By that point, I had become aware of a now-familiar movement in tabletop roleplaying games called the "OSR" (for "old school Renaissance" or "old school revival"). I appreciated the values and techniques of this philosophy, and Old School Wizardry certainly aligns with them, but the game isn't a full emulation of earlier rules sets, instead borrowing ideas from D&D, Marvel Superheroes, King Arthur Pendragon, and completely original ideas of our own.

What's more, OSR games and approaches have just as many critics as fans. Merely by having the words "olde" and "school" in the title of our game, would I be shutting some people out or turning them off before they had time to take a closer look at something very unique and special?


For a while, I flirted with calling it "The Nine Ancient Runes of Magic" for the nine different magical actions that wizards can take to initiate spells (Destroy, Enchant, Ward, etc.), but I was still attached to the original title for several very good reasons:

OLDE School Wizardry... 

...the primary theme of the game's implied setting is that those in power tend to prioritize maintaining control over doing the right thing. Since the PCs are hungry, scrappy neophytes, they are immediately in conflict with the arcane powers that be for access to spells, books, artifacts, and money. 

... also baked into the setting is the idea that wizards are usually petty, insecure, and arrogant. Just because the PCs are good at something doesn't mean they'll be picked for the job by prideful superiors ... they'll have to flatter and bargain. "Olde", with an "E", is pretentious and silly ... just like wizards. 

... the game is influenced by Tom Moldvay's 1981 Basic Dungeons & Dragons. There are six stats, rolled in order, using 3d6. D20s are used for physical combat and spell mishaps, but not for the far more central spell casting system. A game that's four decades old *is* a bit venerable. 

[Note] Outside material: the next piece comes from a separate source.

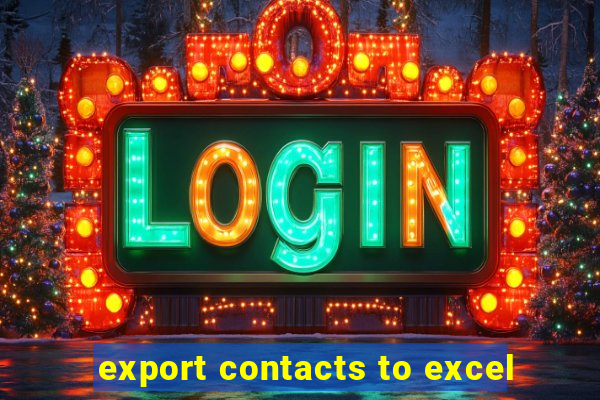 export contacts to excel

... all player characters are human, but there are other species in the wide world. One of these is the Auld--blessedly rare--they are as bewitchingly beautiful as they are cruel. The word "Auld" (old), though long familiar, pressed itself into my imagination after reading "Auld Lang Syne: The Story of Robert Burns" a children's book by Findon and Nasmith. Nasmith's ghostly images, spectral yet appealing, captured the feel of these otherworldly strangers. 


Olde SCHOOL Wizardry...

... Of the 300+ pages of campaign material offered to the GM to take or leave as she wishes, a healthy section describes the structure and doings of The Collegium Mysterium, that most ancient school for wizards. PCs can choose which student house they are affiliated with and the GM will find plenty of plot hooks here as the young wizards try to pay off debts, return favors, or work with fellow alumni. 

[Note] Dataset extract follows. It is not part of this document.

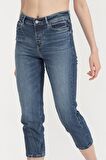 Guess 1981 Capri Button Kadın Jean Pantolon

... as a public school teacher, I've been in institutions of learning, as a student or instructor, for over 30 years. My sense of how organizations do (or don't) work and how groups of well-educated humans behave when they take on problems has informed game mechanics for both dueling and determining a wizard's relative prestige as he competes peers for scant resources. 

Olde School WIZARDRY ...

King Arthur Pendragon is one of the best RPGs ever printed. It's not because of the game's organization or choice of setting, but because it accomplishes what it sets out to do so very well: namely, to emulate at the table one very specific literary genre. Like a Zen archer, it does one task with staggering precision. That approach inspired me to make Olde School Wizardry be about one thing: inexperienced wizards battling the odds. To that end, rules and systems for things like hand-to-hand combat or climbing ropes are brief (almost perfunctory). On the other hand, within the 60 pages of basic rules, systems for composing arcane texts, seizing control of another wizard's spell, or working as a team to craft a potent Enchantment are far more developed. 


So, as my friend and play tester Russ Wrightson pointed out, putting these factors together really leaves no room for Olde School Wizardry to have any other title!